The point is actually how risk sharing works in lieu of insurance.  For example, in a community if everyone gets sick because people can't afford antibiotics, then obviously it's in everyone's best interest to ensure that that level of healthcare is managed.  Similarly, prenatal care: if everyone in a community is going to feel obligated to somehow care for all children no matter how neglected the mother was while pregnant, then the community springs for prenatal care. 
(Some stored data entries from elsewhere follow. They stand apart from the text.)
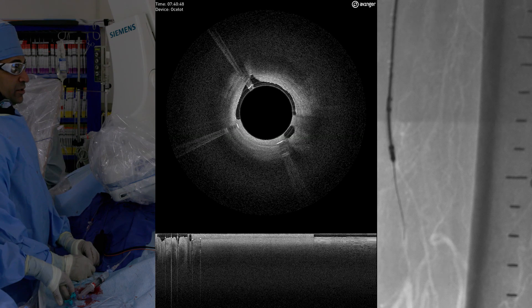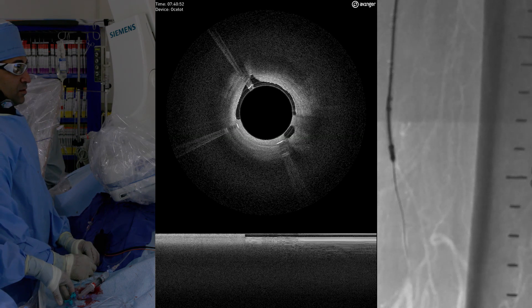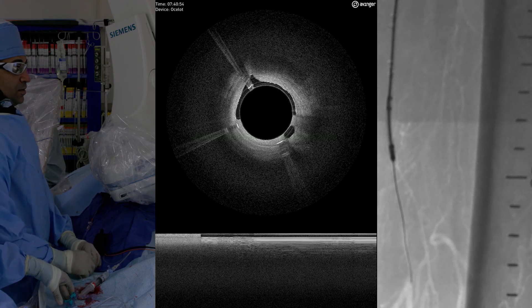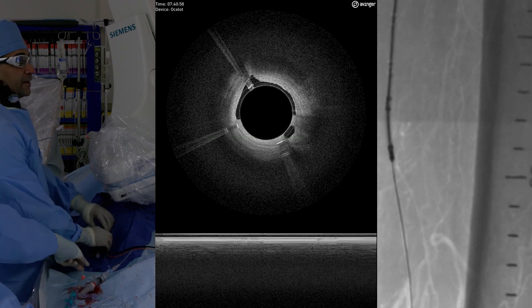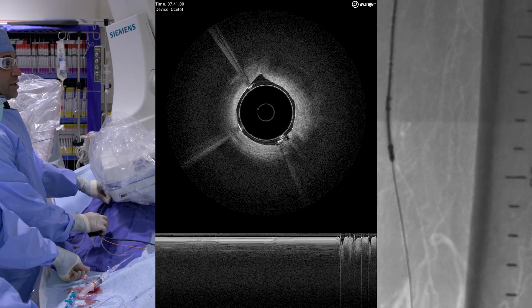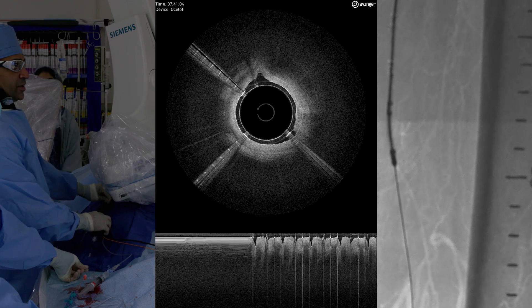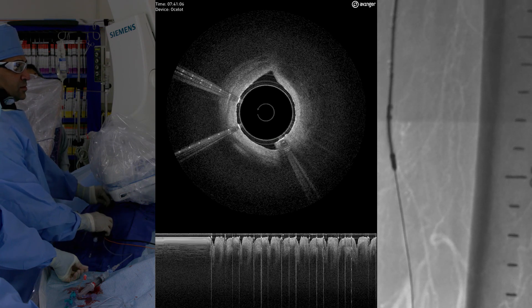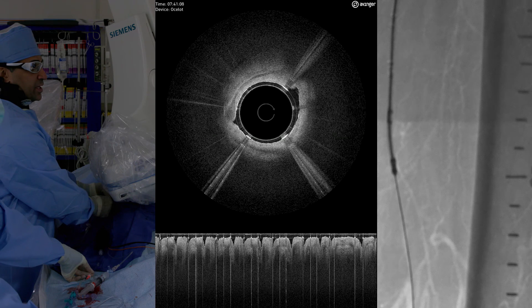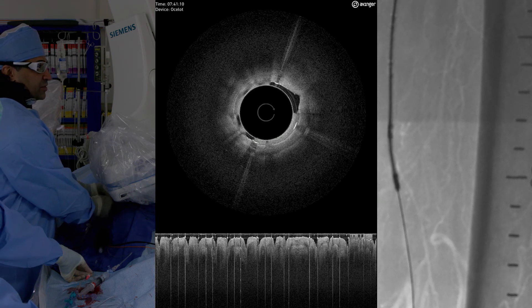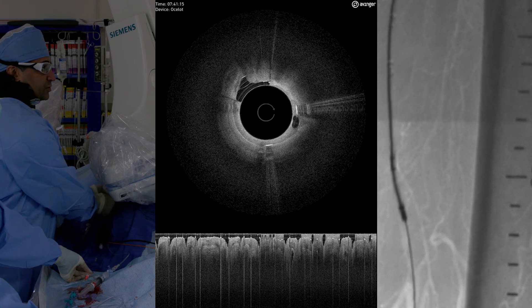Let's bring our Ocelot down to here. And I think we're through, my friends. So we're going to hold on to that and we're going to advance. Any non-hydrophilic wire with a stiff tip, doesn't matter what it is — I like that for getting through the distal cap.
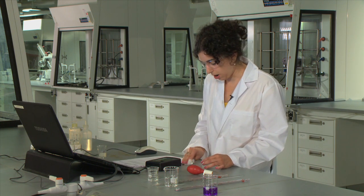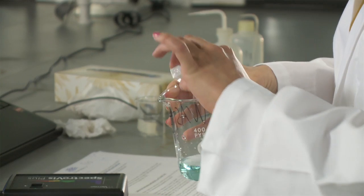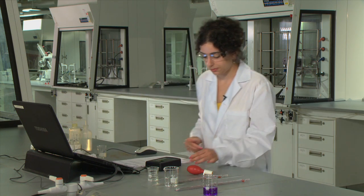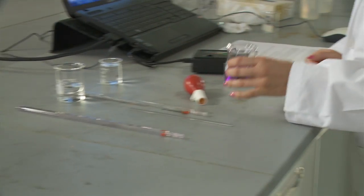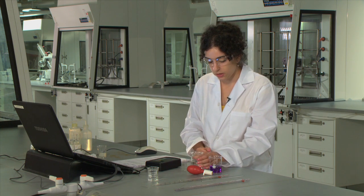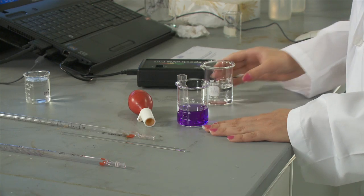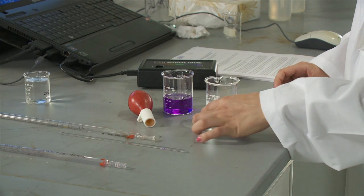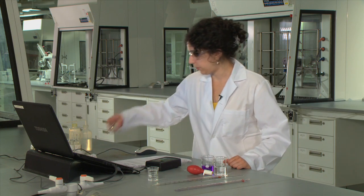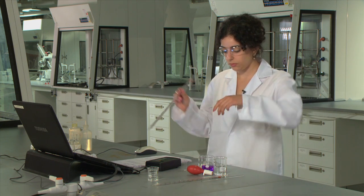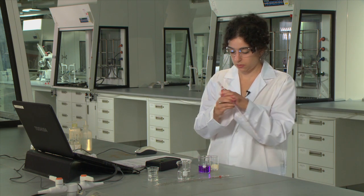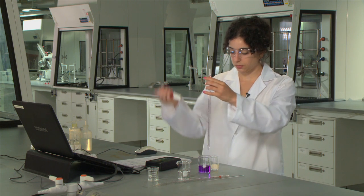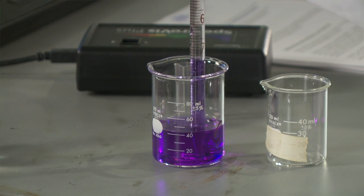So now we'll prepare our reaction. To prepare our reaction, we're going to mix 9 milliliters of crystal violet solution and 1 milliliter of 0.1 molar sodium hydroxide solution. So you'll grab an empty 50 milliliter beaker and pipette 9 mils.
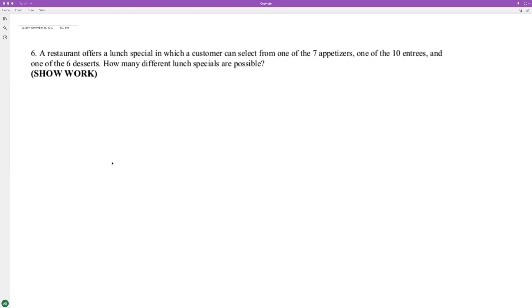A restaurant offers a lunch special in which a customer can select from one of seven appetizers, one of the ten entrees, and one of the six desserts. How many different lunch specials are possible?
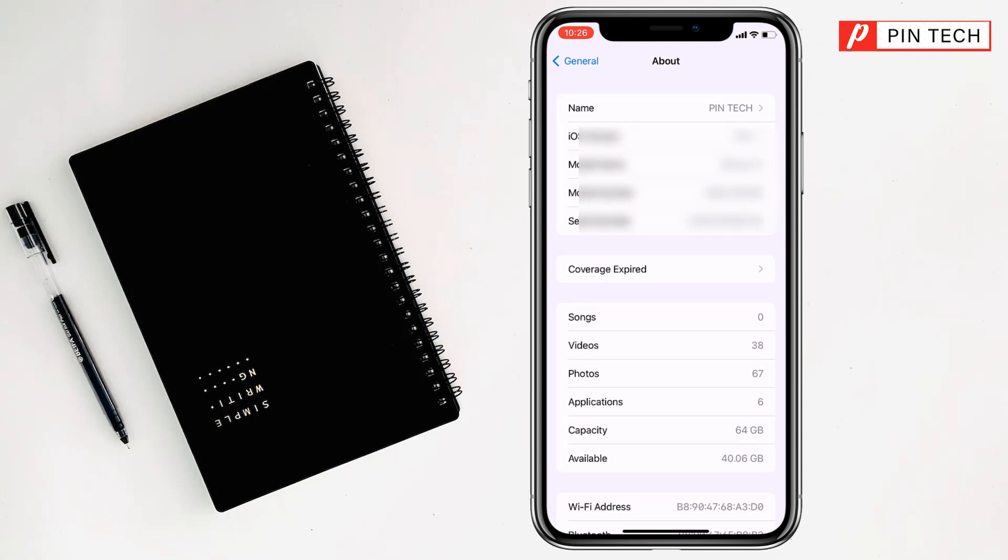So friends, like this if you want you can change your device name on iPhone or iPad. Friends, to change your device name on iPhone or iPad, if you face any problem feel free to ask me in comment box. I'll try to give answer as soon as possible.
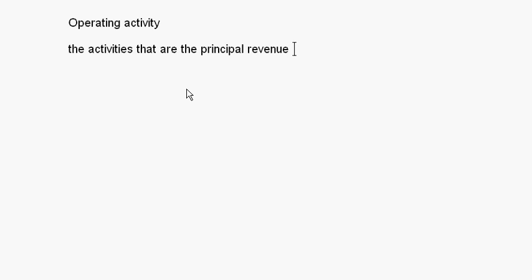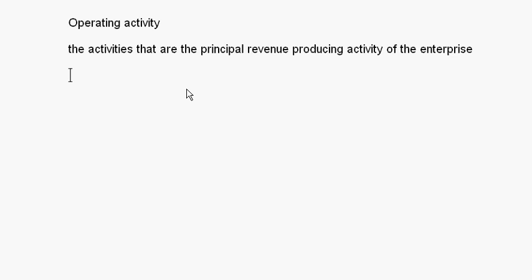Let's take up operating activity first. Operating activities are the principal revenue-producing activities of the enterprise. So whatever is the main line of business of the firm, whatever you get from that, is basically your operating activity.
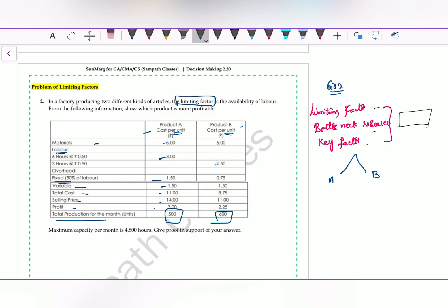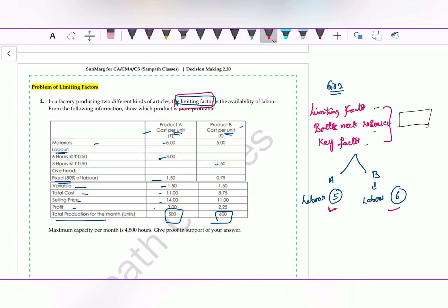Take this example: if I am producing Product A and Product B, and Product A is giving 5 rupees contribution per labor hour while the other is giving 6 rupees per labor hour, then obviously I will try to produce the product giving more contribution for the limiting factor. When there is a limiting factor, we choose the product giving higher contribution per limiting factor — not per unit, but contribution per labor hour. If labor hours are the limiting factor, we see which product gives higher contribution per labor hour and produce only that product.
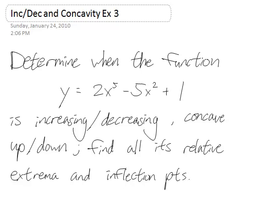Let's look at this function y equals 2x to the fifth minus 5x squared plus 1. We want to find when it's increasing, decreasing, locate its relative extrema, find when it's concave up or down, and locate its inflection points.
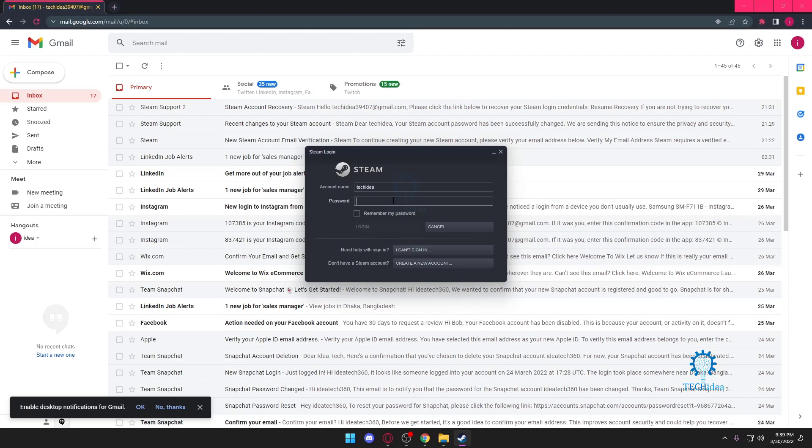Hello and welcome to Tech Idea. Here we make tutorials and topics that might be helpful to you in one way or the other. Today we're going to be doing something such as: I forgot my Steam username and password.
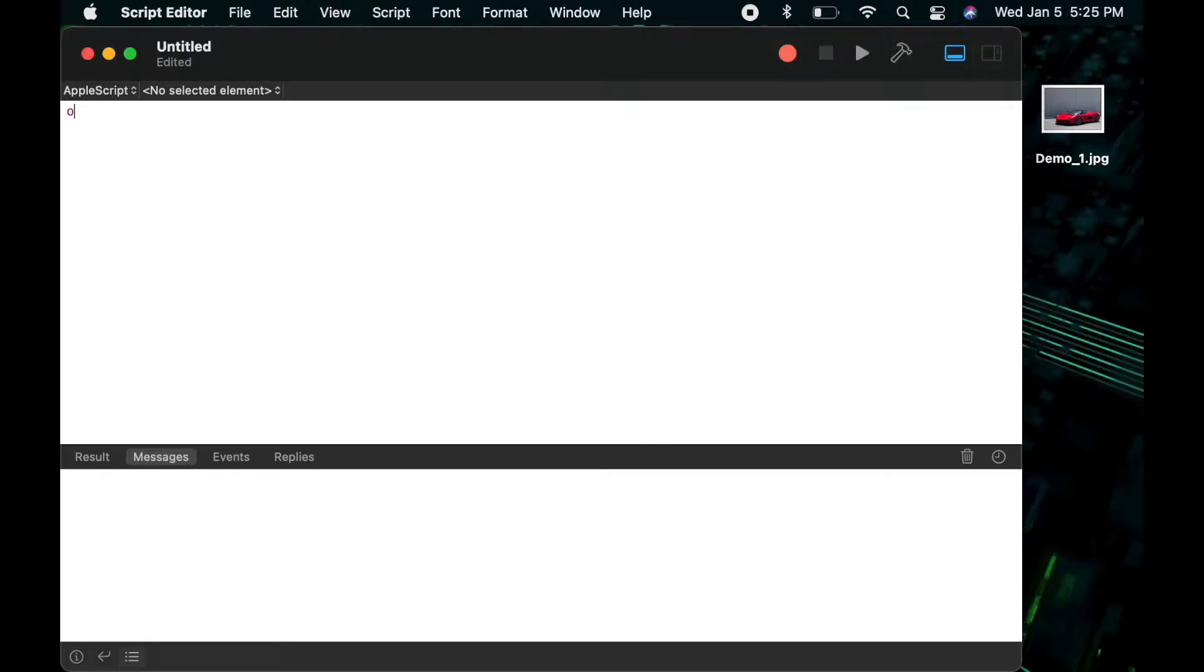Hello and welcome to another AppleScript tutorial. In this tutorial we're going to cover POSIX paths, HFS paths, aliases, and file references.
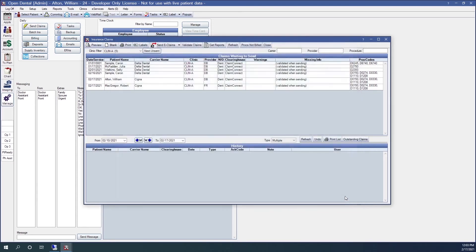Once I create a claim for them, I will still have to send them out in the insurance claims window.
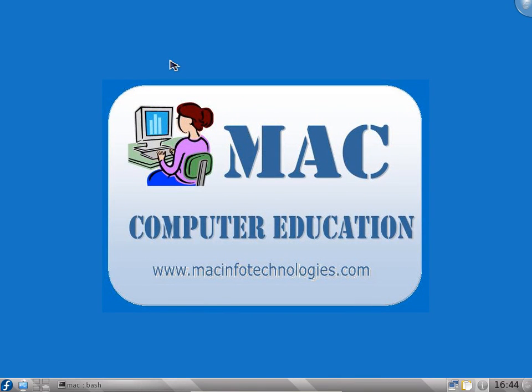Hello friends, in this video we will see the KDE Desktop environment of Linux. KDE Desktop environment is a different look and feel graphical user interface than the GNOME we saw in the previous video.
However, if the risk isn't actually going to be shared in a similar way if there is inadequate insurance, then the community might not be the appropriate one for dispersing the risk.  In that case you're better off looking at health insurance as a shared cost/overhead:  we want people to join our coworking group, and we offer a beautiful environment and health insurance premium offsets (and free healthy catered lunches/dinners and discount gym memberships). 

>How would a nationally or globally dispersed group of people co-
coordinate the routing of donated money to people who need it, in an
equitable, transparent way?

I'd suggest looking at community micro-debt groups like Prosper.com  This is what they originally intended to do. 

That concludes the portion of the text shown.